Quality Report

class gretel_client.evaluation.quality_report.QualityReport(*, project: Project | None = None, name: str | None = None, data_source: str | Path | DataFrame, ref_data: Path | str | DataFrame, output_dir: str | Path | None = None, runner_mode: RunnerMode | None = None, record_count: int | None = 5000, correlation_column_count: int | None = 75, column_count: int | None = 250, mandatory_columns: List[str] | None = [], session: ClientConfig | None = None, test_data: Path | str | DataFrame | None = None)

Represents a Quality Report. This class can be used to create a report.

Parameters:
  • project – Optional project associated with the report. If no project is passed, a temp project (gretel_client.projects.projects.tmp_project) will be used.

  • data_source – Data source used for the report.

  • ref_data – Reference data used for the report.

  • output_dir – Optional directory path to write the report to. If the directory does not exist, the path will be created for you.

  • runner_mode – Determines where to run the model. See gretel_client.config.RunnerMode for a list of valid modes. Manual mode is not explicitly supported.

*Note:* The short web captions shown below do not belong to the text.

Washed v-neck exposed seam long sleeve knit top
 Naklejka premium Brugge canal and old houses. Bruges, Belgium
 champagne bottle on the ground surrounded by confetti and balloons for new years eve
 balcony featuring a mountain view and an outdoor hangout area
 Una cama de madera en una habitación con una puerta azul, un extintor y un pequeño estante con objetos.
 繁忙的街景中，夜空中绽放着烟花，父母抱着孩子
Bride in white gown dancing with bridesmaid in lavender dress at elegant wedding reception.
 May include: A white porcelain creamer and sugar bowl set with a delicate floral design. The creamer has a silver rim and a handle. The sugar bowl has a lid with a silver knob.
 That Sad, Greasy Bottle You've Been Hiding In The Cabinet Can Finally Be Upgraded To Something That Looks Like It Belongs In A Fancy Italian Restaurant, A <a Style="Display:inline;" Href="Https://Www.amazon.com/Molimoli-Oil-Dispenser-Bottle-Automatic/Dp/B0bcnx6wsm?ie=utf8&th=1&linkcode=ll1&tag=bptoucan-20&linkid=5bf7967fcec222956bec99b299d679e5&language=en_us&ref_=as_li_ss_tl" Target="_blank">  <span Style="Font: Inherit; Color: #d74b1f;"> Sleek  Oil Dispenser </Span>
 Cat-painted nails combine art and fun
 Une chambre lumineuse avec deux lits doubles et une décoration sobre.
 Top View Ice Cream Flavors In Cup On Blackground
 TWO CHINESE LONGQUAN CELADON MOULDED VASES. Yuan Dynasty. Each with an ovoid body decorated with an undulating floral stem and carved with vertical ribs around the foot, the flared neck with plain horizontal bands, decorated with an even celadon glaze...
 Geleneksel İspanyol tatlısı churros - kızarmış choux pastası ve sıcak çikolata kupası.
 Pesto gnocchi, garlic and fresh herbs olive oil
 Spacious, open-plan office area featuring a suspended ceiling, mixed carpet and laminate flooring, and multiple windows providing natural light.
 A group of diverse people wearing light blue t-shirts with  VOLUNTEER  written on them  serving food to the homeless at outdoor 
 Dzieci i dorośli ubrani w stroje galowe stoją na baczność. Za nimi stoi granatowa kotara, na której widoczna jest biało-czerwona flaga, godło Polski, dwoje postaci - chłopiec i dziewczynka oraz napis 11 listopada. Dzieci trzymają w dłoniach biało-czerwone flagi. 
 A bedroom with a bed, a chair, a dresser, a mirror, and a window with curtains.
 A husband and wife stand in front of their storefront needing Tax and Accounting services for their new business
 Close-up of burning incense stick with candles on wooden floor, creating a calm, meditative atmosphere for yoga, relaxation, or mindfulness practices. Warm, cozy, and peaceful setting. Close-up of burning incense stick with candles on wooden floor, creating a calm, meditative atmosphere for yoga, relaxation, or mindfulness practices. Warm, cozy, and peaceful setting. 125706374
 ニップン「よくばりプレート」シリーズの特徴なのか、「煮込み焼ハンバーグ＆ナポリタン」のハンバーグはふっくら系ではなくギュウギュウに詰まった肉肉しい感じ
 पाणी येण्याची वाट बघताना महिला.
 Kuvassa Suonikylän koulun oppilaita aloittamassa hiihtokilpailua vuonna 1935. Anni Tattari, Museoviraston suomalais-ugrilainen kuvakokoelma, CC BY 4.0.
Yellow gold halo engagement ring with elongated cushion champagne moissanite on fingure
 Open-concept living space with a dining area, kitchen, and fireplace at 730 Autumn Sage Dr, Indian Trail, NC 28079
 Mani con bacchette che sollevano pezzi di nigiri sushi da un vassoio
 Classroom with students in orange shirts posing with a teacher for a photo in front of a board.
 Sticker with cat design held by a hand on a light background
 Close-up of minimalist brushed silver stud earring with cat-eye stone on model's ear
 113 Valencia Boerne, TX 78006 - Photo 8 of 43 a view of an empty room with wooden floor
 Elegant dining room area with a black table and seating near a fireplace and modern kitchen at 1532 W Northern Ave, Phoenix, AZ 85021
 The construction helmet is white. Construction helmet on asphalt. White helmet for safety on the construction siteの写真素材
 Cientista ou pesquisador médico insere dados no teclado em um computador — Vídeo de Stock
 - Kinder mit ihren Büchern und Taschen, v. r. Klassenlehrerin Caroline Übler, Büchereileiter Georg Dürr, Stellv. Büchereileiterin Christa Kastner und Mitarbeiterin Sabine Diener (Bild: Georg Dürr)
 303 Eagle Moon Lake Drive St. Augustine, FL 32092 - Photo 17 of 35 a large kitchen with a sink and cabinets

  • record_count – Number of rows to use from the data sets, 5000 by default. A value of 0 means “use as many rows/columns as possible.” We still attempt to maintain parity between the data sets for “fair” comparisons, i.e. we will use min(len(train), len(synth)), e.g.

  • correlation_column_count – Similar to record_count, but for number of columns used for correlation calculations.

  • column_count – Similar to record_count, but for number of columns used for all other calculations.

  • mandatory_columns – Use in conjuction with correlation_column_count and column_count. The columns listed will be included in the sample of columns. Any additional requested columns will be selected randomly.

  • session – The client session to use, or None to use the session associated with the project (if any), or the default session otherwise.

  • test_data – Optional reference data used for the Privacy Metrics of the report.

property as_dict: Dict[str, Any]

Returns a dictionary representation of the report.

property as_html: str

Returns a HTML representation of the report.

data_source: DataSourceTypes

Data source used for the report.

output_dir: Path | None

Optional directory path to write the report to. If the directory does not exist, the path will be created for you.

peek() Dict[str, Any] | None

Returns a dictionary representation of the top level report scores.

project: Project | None

Optional project associated with the report. If no project is passed, a temp project (tmp_project) will be used.

ref_data: RefDataTypes

Reference data used for the report.

runner_mode: RunnerMode

Determines where to run the model. See RunnerMode for a list of valid modes. Manual mode is not explicitly supported.

test_data: RefDataTypes

Additional optional test data used for MQS reports.